Et "on privilégie l'inscription de cette réforme dans un projet de loi qui devrait être voté avant la fin de l'hiver, pour une entrée en vigueur de la réforme à l'été 2023", a-t-elle ajouté.
Dans cette perspective, Mme Borne a demandé au ministre du Travail Olivier Dussopt "d'engager dès la semaine prochaine" des négociations avec organisations patronales et syndicales, ainsi qu'avec les "groupes parlementaires".
Au menu des concertations figurent le "dispositif carrières longues", la prise en compte de "ceux qui ont eu des métiers pénibles", "la prévention de l'usure au travail", "les sujets d'aménagement de fin de carrière, et de transition entre l'emploi et la retraite", "l'emploi des seniors et la lutte contre la discrimination dont peuvent être victimes les seniors", "les régimes spéciaux", "la revalorisation (à 1.100 euros, NDLR) du minimum de pension pour les personnes qui ont eu une carrière complète" et, "de façon générale, l'adaptation des paramètres pour assurer l'équilibre financier du système", a détaillé la Première ministre.
Atermoiements et divisions
Cette décision, qui repose sur une "convergence totale entre les différentes composantes de la majorité" selon Mme Borne, met fin à plusieurs jours d'atermoiements et divisions sur la façon d'engager cette réforme des retraites, qui prévoit notamment un "report progressif de l'âge de départ de 4 mois par an, aboutissant à 65 ans en 2031", a rappelé Mme Borne.
Si "le cadre de cette réforme avait été clairement posé dans la campagne présidentielle et avait été également réaffirmé", selon Mme Borne, la méthode faisait débat: faut-il un simple amendement au projet de loi de financement de la Sécurité sociale (PLFSS) examiné en octobre à l'Assemblée, piste la plus controversée et qui avait notamment braqué l'allié du MoDem?
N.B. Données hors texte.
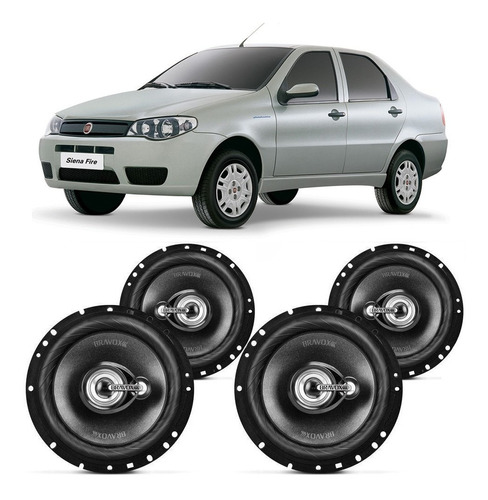 Auto Falante Fiat Siena 2001 A 2007 Bravox 240w Rms 4 Portas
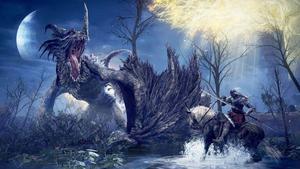 a man riding a horse next to a dragon elden ring wallpaper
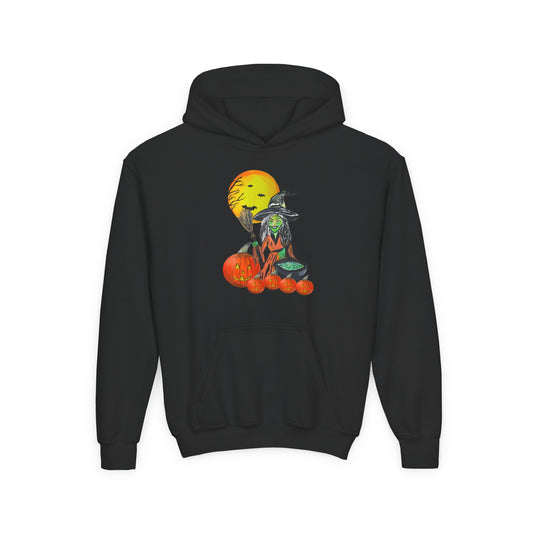 Spooky Pumpkin Witch Youth Hoodie | Halloween Sweatshirt, Fall Fashion, Cozy Outfit, Gift for Kids, Witch Costume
Un passage par un PLFSS rectificatif en janvier? Ou un projet de loi ad hoc?
Cette dernière option semble donc privilégiée à ce stade par l'exécutif... à condition de parvenir à ouvrir les concertations, alors que syndicats et une grande partie des oppositions politiques sont vent debout contre le fond même de cette réforme.
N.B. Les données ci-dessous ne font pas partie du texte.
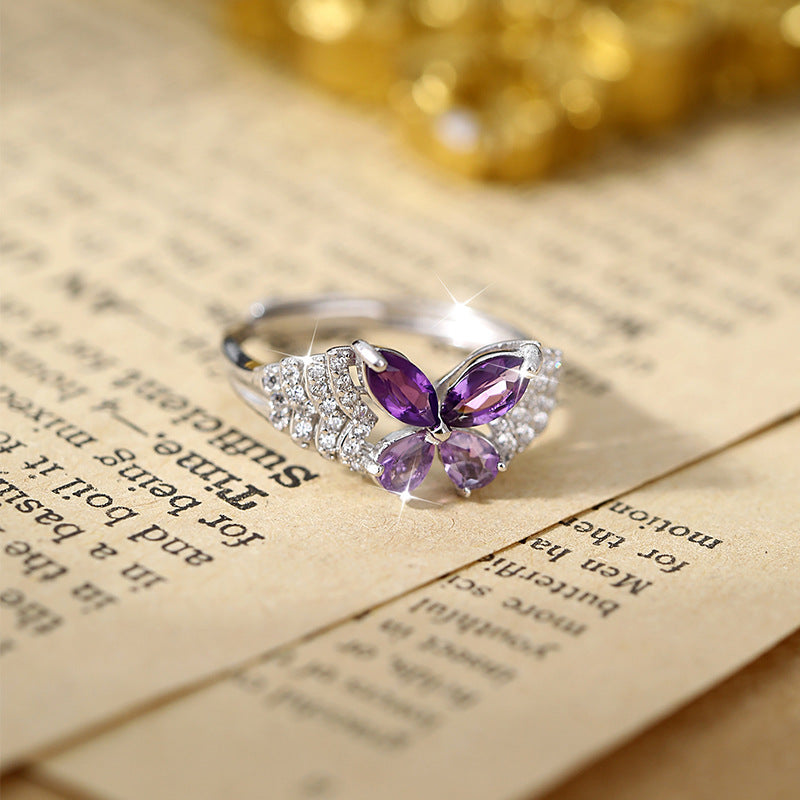 Butterfly amethyst ring with pavé crystal wings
"Il y a des sujets importants sur lesquels on souhaite ouvrir la discussion et donc on se place dans une hypothèse où l'on peut mener une concertation", a souligné Mme Borne, en refusant toutefois d'écarter définitivement la possibilité d'un amendement au PLFSS.
Un projet de loi dédié présente aussi un risque de taille pour l'exécutif, qui ne dispose que d'une majorité relative à l'Assemblée.
Il pourrait l'obliger à dégainer l'article 49.3 de la Constitution, qui permet l'adoption d'un texte sans vote sauf motion de censure, mais il n'est utilisable qu'une fois par session parlementaire. Il est en revanche possible de faire feu à volonté avec cette arme sur les textes budgétaires, que sont donc les PLFSS.
Plus généralement, Mme Borne entend "profiter des semaines qui viennent pour bien reposer les enjeux" de la réforme. "Parce que ça fait un moment qu'on ne parle plus des enjeux, mais de la méthode", a-t-elle déploré.